Looking for the next bogeyman

Yesterday's bogeyman is dead.

Today Scott Greenfield asks whether the death of Osama Bin Laden will change anything. Now that the mastermind of the 9/11 attacks is lying at the bottom of the sea, will the apparatus of the security state be dismantled?

Will the Patriot Act be repealed? Will the government cease efforts to do away with the Great Writ? Will the concentration camp prison at Guantanamo Bay be closed? Will the metal detectors at small town courthouses across the country be dismantled? Will los federales stop trying to force cellphone providers to give the state backdoor access to our communications? Will the airport gropers be forced to look for other employment? Will we finally stop flushing money down the toilet building more and more tools of death for the military? Will our young people be brought home from the Middle East?

I doubt it.

Already the government is warning us that the world might be a more dangerous place because of the death of Osama Bin Laden.

That's what the security state needs -- an enemy.
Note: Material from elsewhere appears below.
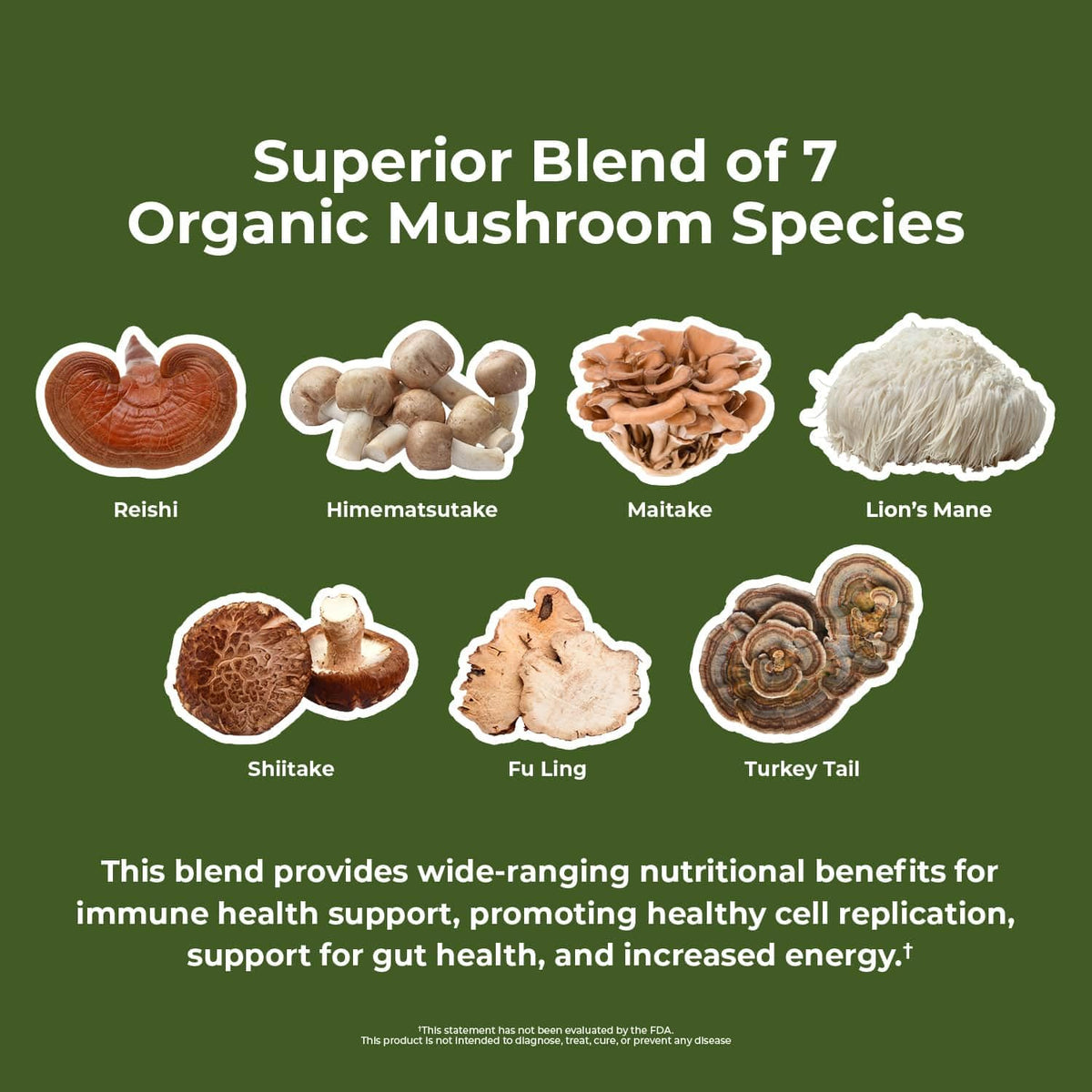 Nature's Lab Mushroom 7 Organic Blend - 90 Capsules - image 3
Knock one down and put another in its place. After all, the government must justify the permanence of every "temporary" security measure.

The world is a dangerous place. It was a dangerous place before 9/11. It will be a dangerous place long after I'm dead and gone.

The goal of the security state is to do away with those pesky little protections afforded to us under the Bill of Rights. We can't allow the death of one bogeyman to get in the way of the eradication of our civil liberties. There will always be another threat just around the corner. And, because of that threat, the apparatus of the security state must remain in place. In fact, I'm certain that someone will stand up and call for more draconian security measures in the wake of Osama Bin Laden's death.

Where are those advocates for limited government when you need them?